Jalen Hurts hit A.J. Brown for a 33-yard touchdown that marked their first trip to the end zone in more than 78 minutes of game action. Kicker Jake Elliott missed the extra point, however, so the Bears still lead 10-9 with eight minutes to play in the third quarter.
Hurts and Brown also hooked up for a 16-yard gain earlier in the drive and Hurts had a 23-yard run to keep the chains moving. The Eagles also benefitted from a very late hit by Bears defensive lineman Gervon Dexter on Hurts after a pass.
The Eagles’ score came after Hurts was intercepted and the team went three-and-out on their first two possessions, but their defense held the Bears in check and the game can still swing Philly’s way if the offense can keep things moving.
The Eagles spent most of the first half of Friday’s game playing defense and they’re trailing the Bears as a result.
Chicago possessed the ball for 21 minutes and ran 47 offensive plays to just 17 for the Eagles. Running back D’Andre Swift ran for the first half’s only touchdown on one of those plays and the Bears lead 10-3 in Philadelphia.
Swift has 10 carries for 88 yards and rookie Kyle Monangai has chipped in with eight carries for 41 yards as Eagles defensive coordinator Vic Fangio’s unit has had no answer for the Chicago rushing attack.
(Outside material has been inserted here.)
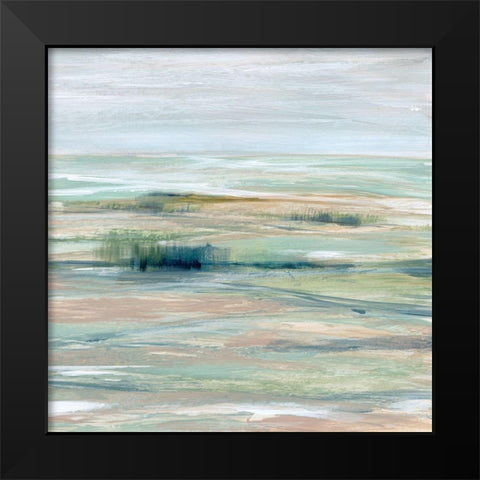 Near Tully I Black Modern Wood Framed Art Print by Jill, Susan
Caleb Williams has been less effective through the air while going 10-of-23 for 83 yards, but the Eagles will have a hard time coming back if they continue to struggle to stop the Bears from moving the ball on the ground.
The Eagles offense did not score for the final 41 minutes of last Sunday’s loss to the Cowboys and they only mustered one field goal today, so it’s been over 71 minutes without a touchdown for the NFC East leaders. The home crowd serenaded the offense with boos multiple times in the first half, so it has been an unhappy day in Philly thus far.
The Bears have drawn first blood on Black Friday.
Running back D’Andre Swift plowed into the end zone from three yards out to give the Bears a 7-0 lead with 91 seconds left to play in the first quarter in Philadelphia.
Swift’s touchdown capped an 11-play, 78-yard drive for the visitors and the Bears also moved the ball well on the opening possession of the game. They ended that drive with no points after Eagles head coach Nick Sirianni successfully challenged the spot of the ball after a fourth down run by Kyle Monangai.
Monangai kicked off the touchdown drive with a 17-yard drive and has 38 rushing yards. Swift has six carries for 43 yards and the Eagles will try to get something going on their second possession.
The third Black Friday game on Prime Video features a new twist. It will stream globally without an Amazon Prime subscription.
Given that the league stuck the landing when picking the 8-3 Bears at the 8-3 Eagles, the game itself is inherently compelling, and the outcome will be consequential to the NFC playoff picture. Will this reality, coupled with the ability of anyone/everyone to watch it for free, set a new record for streaming?
The current mark was set last Christmas, when 24.3 million watched Ravens-Texans on Netflix. (Earlier that day, 24.1 million viewed Chiefs-Steelers.)
The Netflix game was not free. And, obviously, free matters.
That said, it didn’t matter much for the Week 1 Friday night game from Brazil. Chiefs-Chargers was a disappointment, even after someone put a thumb on the scale and pushed the total viewership from 17.3 million to 19.7 million.
That’s it? A a free, worldwide stream of a game featuring the Chiefs?